Don Gonzalo quedó silencioso y con una sonrisa que quería ser diabólica.

– ¿Y qué? -preguntó don Felipe, impaciente. Don Gonzalo miró a todos, haciéndose el interesante.

– Venga, suelte -insistió el cura.

– ¡La bomba! -dijo el médico-. O yo no sé lo que me traigo entre manos, o Joaquinita está preñada de tres o cuatro meses.

La noticia produjo el efecto esperado. El cura cubrió completamente sus ojos con las cejas.

– ¿Es que se le nota? -dijo, señalándose el vientre.

– No, ahí no -afirmó el médico-: en la cara.

El cura hizo un gesto de escepticismo.

– ¿ Es que no me cree usted, don Felipe? -preguntó el médico, muy picado.

– Hombre, cómo no lo voy a creer… Es que la cosa es gorda.

– Sí, señor, muy gorda; pero hay mujeres que se les nota el embarazo en seguida. Y ésta es una. Tiene un paño en la cara que a mí no se me despinta.

El cura volvió a menar la cabeza.

– Además estoy seguro que tiene vómitos y que es mal embarazo. Y usted, si se hubiera fijado, habría visto lo mismo…

– Yo no entiendo de eso.

El veterinario sacó una risa de conejo.

– ¡No, no entiendo, y es natural! -dijo el cura, mosqueado.

– ¿Tú qué dices de eso, Manuel? -preguntó el veterinario a su oráculo.

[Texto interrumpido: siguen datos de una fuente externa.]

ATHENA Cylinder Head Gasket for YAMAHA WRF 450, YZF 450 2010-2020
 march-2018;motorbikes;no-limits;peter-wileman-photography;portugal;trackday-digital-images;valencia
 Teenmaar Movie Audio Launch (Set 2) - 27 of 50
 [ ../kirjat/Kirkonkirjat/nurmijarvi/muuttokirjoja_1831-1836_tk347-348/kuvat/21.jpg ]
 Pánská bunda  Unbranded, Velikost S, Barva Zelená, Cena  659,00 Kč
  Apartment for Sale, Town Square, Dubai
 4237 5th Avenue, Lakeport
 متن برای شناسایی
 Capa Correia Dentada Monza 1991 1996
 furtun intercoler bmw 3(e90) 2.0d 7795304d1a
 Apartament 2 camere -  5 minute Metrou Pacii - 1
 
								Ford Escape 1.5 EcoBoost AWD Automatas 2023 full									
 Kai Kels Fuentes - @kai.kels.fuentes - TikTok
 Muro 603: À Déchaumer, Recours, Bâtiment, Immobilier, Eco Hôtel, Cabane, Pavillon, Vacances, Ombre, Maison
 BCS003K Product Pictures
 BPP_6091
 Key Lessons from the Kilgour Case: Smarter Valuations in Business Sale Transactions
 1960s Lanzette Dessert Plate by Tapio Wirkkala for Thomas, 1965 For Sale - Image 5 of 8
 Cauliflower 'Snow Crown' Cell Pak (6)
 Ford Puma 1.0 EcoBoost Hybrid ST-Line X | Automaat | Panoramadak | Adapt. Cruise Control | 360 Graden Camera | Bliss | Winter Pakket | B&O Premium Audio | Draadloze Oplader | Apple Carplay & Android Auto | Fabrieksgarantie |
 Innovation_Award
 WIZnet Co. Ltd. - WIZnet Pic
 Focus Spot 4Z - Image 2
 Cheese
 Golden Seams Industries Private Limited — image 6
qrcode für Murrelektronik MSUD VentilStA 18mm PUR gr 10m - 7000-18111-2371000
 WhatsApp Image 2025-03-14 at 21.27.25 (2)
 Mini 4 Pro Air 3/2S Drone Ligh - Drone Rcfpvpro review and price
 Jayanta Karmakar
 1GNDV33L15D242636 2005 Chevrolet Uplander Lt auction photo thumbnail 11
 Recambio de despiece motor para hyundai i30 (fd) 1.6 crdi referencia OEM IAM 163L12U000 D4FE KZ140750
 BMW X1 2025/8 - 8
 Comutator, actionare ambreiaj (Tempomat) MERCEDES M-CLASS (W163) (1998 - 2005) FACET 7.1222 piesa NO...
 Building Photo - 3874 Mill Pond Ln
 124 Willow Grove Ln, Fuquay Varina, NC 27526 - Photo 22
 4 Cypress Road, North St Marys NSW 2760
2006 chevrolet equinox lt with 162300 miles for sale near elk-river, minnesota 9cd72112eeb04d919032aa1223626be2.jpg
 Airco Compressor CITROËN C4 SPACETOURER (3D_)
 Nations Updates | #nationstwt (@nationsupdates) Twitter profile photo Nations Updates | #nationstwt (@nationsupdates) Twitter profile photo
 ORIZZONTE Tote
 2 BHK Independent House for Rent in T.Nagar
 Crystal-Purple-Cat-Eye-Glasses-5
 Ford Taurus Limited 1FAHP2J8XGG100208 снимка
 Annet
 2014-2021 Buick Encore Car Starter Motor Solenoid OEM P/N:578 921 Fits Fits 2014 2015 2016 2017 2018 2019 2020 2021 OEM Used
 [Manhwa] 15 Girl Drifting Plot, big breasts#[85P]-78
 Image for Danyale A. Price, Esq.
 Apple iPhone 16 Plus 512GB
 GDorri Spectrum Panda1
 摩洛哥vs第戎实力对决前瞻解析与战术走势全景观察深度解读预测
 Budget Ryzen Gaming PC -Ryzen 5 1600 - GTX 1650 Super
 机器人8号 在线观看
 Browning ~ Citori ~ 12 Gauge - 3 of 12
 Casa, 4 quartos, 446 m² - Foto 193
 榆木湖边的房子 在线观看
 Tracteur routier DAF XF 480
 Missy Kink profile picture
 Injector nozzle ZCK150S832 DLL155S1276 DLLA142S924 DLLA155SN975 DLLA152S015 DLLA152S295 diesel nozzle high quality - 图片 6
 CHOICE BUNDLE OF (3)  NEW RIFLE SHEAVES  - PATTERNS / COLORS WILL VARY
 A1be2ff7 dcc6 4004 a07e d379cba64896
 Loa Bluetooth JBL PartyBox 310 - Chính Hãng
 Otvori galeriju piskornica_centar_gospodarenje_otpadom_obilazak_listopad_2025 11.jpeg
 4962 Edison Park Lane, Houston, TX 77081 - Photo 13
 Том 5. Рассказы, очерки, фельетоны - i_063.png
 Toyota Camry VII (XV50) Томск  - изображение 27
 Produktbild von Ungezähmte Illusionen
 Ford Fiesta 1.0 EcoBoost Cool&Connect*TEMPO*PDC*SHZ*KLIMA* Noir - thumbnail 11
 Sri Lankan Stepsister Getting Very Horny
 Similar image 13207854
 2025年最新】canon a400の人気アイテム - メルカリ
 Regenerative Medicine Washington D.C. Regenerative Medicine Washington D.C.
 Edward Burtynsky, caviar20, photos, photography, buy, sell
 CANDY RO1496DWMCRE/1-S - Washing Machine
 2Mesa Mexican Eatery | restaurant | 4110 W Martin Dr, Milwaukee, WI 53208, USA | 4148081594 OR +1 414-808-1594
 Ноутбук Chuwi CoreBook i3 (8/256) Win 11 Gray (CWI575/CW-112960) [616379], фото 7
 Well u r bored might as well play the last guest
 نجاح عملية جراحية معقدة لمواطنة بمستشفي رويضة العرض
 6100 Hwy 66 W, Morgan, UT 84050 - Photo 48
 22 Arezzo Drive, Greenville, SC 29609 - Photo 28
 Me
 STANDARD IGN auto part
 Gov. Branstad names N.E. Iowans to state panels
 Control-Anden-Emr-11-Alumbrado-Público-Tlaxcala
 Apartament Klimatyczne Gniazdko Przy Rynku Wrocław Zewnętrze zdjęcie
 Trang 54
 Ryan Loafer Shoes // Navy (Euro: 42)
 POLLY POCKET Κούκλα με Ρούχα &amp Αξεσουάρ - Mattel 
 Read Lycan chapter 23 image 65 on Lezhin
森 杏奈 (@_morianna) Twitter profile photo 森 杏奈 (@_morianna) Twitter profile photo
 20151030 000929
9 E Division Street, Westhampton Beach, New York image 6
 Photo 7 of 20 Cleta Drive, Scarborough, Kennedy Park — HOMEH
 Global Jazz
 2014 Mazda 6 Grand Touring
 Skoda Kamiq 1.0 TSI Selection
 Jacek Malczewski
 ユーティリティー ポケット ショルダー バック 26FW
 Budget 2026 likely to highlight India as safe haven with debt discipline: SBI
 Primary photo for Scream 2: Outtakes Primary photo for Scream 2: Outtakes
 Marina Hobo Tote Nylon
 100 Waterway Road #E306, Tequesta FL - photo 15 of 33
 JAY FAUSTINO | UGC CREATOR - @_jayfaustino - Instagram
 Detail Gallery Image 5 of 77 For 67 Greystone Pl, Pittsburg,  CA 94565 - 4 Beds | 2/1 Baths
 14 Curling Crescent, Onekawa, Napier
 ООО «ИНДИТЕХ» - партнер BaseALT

– Me extraña que don Onofre cometa una pifia así.

– A lo mejor él no lo sabe -saltó el cura, ya en situación.

– Buena idea -dijo el veterinario.

Todos asintieron y el cura se esponjó, pasándose los dedos por las cejas.

– Si las cosas son como dice don Gonzalo, la situación se aclara mucho -añadió Plinio,

– Naturalmente -dijo el médico.

– Claro, que no por eso aumentan las pruebas de la muerte de Antonia y del posible asesinato de doña Carmen.

– Esta niñota lo que quiere es casarse con Onofre -exclamó el cura.

– Manuel, ¿no convendría poner en guardia a don Onofre? -dijo don Lotario.

Plinio movió la cabeza con gesto escéptico.

– No. Primero porque no hay pruebas… Lo segunda es que si las cosas han ocurrido como suponemos, no sabemos hasta qué punto don Onofre pueda ser ajeno a las maquinaciones de Joaquinita.

El veterinario asintió.

– ¡Qué mundo, qué mundo, Dios mío! -exclamó el cura-. Pero si esa Joaquinita es una cría…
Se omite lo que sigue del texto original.